▶ Problem details:
In the records below, the line containing "Nanette Lepore Black" is the first to keep. Retype it and all later lines exactly, through the end.
[[ Information given open ]]
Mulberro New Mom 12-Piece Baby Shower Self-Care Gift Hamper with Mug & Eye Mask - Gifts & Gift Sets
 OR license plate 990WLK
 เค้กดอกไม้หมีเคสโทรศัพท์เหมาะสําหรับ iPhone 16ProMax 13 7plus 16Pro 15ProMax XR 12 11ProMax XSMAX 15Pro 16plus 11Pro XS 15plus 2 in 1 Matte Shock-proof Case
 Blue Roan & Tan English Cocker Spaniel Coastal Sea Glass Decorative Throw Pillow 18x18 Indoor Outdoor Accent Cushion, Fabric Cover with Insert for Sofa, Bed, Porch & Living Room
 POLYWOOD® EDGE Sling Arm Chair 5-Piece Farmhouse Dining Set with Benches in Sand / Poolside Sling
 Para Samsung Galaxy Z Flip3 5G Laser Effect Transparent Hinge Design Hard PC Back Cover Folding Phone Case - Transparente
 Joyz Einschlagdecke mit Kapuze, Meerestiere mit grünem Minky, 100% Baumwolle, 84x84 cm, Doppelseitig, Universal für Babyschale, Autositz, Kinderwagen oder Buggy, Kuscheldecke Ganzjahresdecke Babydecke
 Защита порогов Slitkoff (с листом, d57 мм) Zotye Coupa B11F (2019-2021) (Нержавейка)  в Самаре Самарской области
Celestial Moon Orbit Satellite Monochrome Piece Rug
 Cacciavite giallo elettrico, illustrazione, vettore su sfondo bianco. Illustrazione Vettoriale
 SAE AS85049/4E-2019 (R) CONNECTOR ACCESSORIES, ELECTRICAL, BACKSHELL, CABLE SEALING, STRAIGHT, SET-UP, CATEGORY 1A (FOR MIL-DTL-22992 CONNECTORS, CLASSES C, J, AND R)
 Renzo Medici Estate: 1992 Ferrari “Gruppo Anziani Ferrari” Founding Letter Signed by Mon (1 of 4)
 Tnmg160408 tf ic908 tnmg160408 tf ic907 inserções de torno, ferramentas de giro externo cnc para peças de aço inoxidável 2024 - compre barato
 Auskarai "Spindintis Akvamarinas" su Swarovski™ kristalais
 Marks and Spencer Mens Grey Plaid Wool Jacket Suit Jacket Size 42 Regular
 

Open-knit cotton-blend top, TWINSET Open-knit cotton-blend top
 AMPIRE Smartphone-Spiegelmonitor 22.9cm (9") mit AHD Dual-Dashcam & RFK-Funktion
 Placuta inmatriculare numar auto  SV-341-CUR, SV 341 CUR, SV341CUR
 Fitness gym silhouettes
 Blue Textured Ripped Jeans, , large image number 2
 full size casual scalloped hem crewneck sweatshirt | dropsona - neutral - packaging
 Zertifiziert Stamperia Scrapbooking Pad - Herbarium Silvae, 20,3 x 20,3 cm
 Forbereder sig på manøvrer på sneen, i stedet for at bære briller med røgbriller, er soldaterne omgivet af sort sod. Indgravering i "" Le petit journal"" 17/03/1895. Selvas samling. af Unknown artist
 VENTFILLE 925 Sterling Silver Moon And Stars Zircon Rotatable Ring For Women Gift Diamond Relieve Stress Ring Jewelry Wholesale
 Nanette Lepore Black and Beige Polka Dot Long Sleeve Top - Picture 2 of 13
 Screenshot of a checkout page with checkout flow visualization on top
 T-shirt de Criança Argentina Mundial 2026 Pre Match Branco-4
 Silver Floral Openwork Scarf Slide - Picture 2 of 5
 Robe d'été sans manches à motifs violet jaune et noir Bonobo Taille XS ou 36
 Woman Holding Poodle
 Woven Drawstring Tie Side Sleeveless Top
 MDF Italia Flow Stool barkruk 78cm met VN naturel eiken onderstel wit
[[ Information given closed ]]
▶ Answer for the task:
 Nanette Lepore Black and Beige Polka Dot Long Sleeve Top - Picture 2 of 13
 Screenshot of a checkout page with checkout flow visualization on top
 T-shirt de Criança Argentina Mundial 2026 Pre Match Branco-4
 Silver Floral Openwork Scarf Slide - Picture 2 of 5
 Robe d'été sans manches à motifs violet jaune et noir Bonobo Taille XS ou 36
 Woman Holding Poodle
 Woven Drawstring Tie Side Sleeveless Top
 MDF Italia Flow Stool barkruk 78cm met VN naturel eiken onderstel wit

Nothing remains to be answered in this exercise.